What brought you to CPS and what were you hoping the experience would give you?
I came to Northeastern’s College of Professional Studies from Nigeria with a clear intention: to sharpen my project and product management skills in a global environment and position myself to build something impactful. I wasn’t looking for a degree for its own sake. I wanted an experience that felt practical, demanding, and deeply connected to the real world.
What drew me to CPS was the way it blended theory with real problem-solving — and its alignment with the kind of thinking and execution I was already passionate about. CPS felt built for people who want to do more than study concepts: people who want to build, lead, create, and execute.
What I hoped it would change was my scale of thinking. Coming to Toronto as an international student from Nigeria was a major leap, and I wanted to prove I could thrive in unfamiliar environments, compete at a high level, and build beyond the classroom. Looking back, that is exactly what happened.

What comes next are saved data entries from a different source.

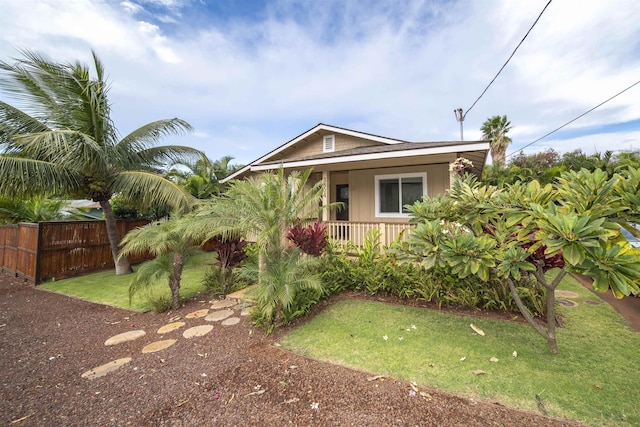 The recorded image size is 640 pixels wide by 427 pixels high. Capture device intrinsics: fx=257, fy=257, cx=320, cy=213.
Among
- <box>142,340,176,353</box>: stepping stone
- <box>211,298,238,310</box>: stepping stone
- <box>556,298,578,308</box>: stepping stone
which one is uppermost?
<box>556,298,578,308</box>: stepping stone

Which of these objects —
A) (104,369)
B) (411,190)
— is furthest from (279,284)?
(411,190)

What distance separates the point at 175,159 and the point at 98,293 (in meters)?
5.24

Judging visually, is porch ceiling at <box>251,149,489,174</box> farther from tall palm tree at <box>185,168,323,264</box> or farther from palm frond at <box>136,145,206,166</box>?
palm frond at <box>136,145,206,166</box>

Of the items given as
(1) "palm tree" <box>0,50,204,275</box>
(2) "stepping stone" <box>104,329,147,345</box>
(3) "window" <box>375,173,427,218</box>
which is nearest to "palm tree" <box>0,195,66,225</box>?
(1) "palm tree" <box>0,50,204,275</box>

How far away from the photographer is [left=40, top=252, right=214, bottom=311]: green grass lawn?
6.02 metres

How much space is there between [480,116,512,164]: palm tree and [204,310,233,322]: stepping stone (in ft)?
86.1

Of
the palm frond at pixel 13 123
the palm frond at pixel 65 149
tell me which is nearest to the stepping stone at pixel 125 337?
the palm frond at pixel 65 149

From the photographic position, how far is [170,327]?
4.62 metres

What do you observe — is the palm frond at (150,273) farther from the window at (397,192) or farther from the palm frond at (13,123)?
the window at (397,192)

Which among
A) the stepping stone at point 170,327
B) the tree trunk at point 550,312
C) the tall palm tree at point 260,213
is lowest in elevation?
the stepping stone at point 170,327

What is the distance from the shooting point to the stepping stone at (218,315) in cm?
487

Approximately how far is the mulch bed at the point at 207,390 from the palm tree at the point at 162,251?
3.57ft

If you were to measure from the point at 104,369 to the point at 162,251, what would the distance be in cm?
233

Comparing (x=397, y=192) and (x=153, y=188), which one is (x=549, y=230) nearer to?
(x=397, y=192) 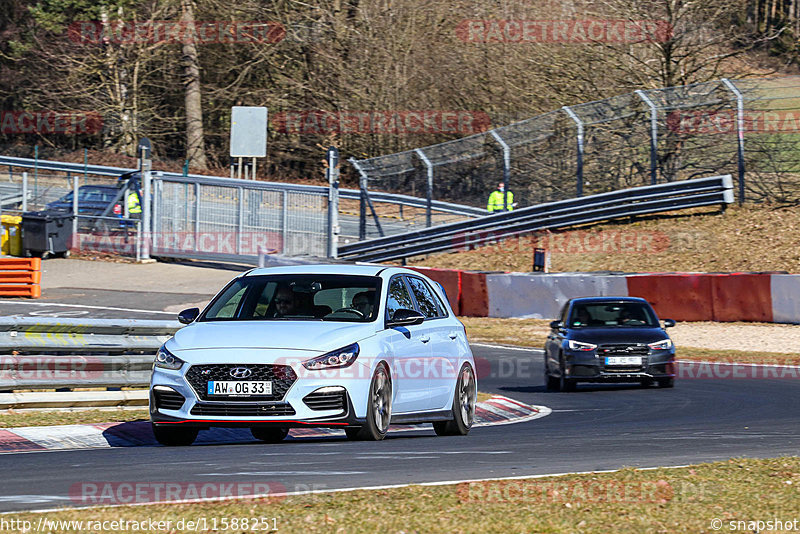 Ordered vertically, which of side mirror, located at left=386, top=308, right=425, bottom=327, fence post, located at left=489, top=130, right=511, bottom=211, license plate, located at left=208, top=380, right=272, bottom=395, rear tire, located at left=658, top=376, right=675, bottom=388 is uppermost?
fence post, located at left=489, top=130, right=511, bottom=211

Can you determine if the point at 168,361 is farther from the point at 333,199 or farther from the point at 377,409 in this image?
the point at 333,199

What is the moment, class, conversation, or experience that stands out most from your time at CPS?
What stands out most is how intentionally practical this program is compared to what I expected graduate school to be. The coursework never felt disconnected from the real world — it felt designed by people who understood what practitioners actually need.
What cemented that for me was discovering the PMI partnership woven into the program: discounted membership, exam discounts, and structured alignment toward PMP certification. For someone who came here to build a career and a company, that signaled that CPS was serious about outcomes, not just academic completion.

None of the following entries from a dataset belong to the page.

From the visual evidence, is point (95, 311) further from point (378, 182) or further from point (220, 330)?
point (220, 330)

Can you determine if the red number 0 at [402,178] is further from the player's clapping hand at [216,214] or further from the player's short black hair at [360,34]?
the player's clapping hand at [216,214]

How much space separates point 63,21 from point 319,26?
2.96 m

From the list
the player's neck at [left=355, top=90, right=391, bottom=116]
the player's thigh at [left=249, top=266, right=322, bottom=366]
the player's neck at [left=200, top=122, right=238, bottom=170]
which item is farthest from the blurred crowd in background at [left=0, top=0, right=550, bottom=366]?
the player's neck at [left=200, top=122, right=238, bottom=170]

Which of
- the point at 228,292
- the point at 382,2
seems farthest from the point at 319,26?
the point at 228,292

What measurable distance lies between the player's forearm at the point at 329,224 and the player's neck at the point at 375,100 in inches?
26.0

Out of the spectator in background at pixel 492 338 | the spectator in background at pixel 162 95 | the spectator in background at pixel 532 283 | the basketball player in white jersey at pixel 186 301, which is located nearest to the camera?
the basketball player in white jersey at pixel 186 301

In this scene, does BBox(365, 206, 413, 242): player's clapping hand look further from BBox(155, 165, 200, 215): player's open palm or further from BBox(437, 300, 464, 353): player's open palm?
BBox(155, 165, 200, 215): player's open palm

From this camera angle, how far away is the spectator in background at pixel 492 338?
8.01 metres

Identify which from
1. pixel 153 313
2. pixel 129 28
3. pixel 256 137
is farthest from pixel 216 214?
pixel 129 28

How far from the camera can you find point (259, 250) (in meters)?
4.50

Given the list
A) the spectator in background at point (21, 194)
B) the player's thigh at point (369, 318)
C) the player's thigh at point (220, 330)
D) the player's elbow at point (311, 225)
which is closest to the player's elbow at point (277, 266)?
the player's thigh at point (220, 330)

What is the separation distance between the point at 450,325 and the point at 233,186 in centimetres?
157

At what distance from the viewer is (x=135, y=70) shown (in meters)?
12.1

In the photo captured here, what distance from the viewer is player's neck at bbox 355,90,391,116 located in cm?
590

I also didn’t expect how broad the program would feel. The way the curriculum blends analytics, business analysis, construction, and technology reflects something true about the real world: every industry has projects, and every industry needs people who can think across disciplines to execute them. Experiencing that changed how I engaged with every course.
How has being part of CPS changed you — professionally, personally, or both?
CPS changed me in ways I didn’t anticipate.
Professionally, I came in with experience but without the structured frameworks to scale it into something bigger. CPS gave me the language, methodology, and confidence to operate at a higher level — from managing projects to architecting them, from executing tasks to leading teams, from having ideas to knowing how to take them through discovery, validation, and delivery.
Personally, the change was quieter but just as significant. Coming to Toronto from Nigeria, I felt a responsibility to prove something to myself. CPS became the environment where I discovered what I was actually capable of. The rigor, the diversity of peers, and the expectation that you show up prepared and contribute meaningfully pushed me to grow in ways a comfortable environment never could have.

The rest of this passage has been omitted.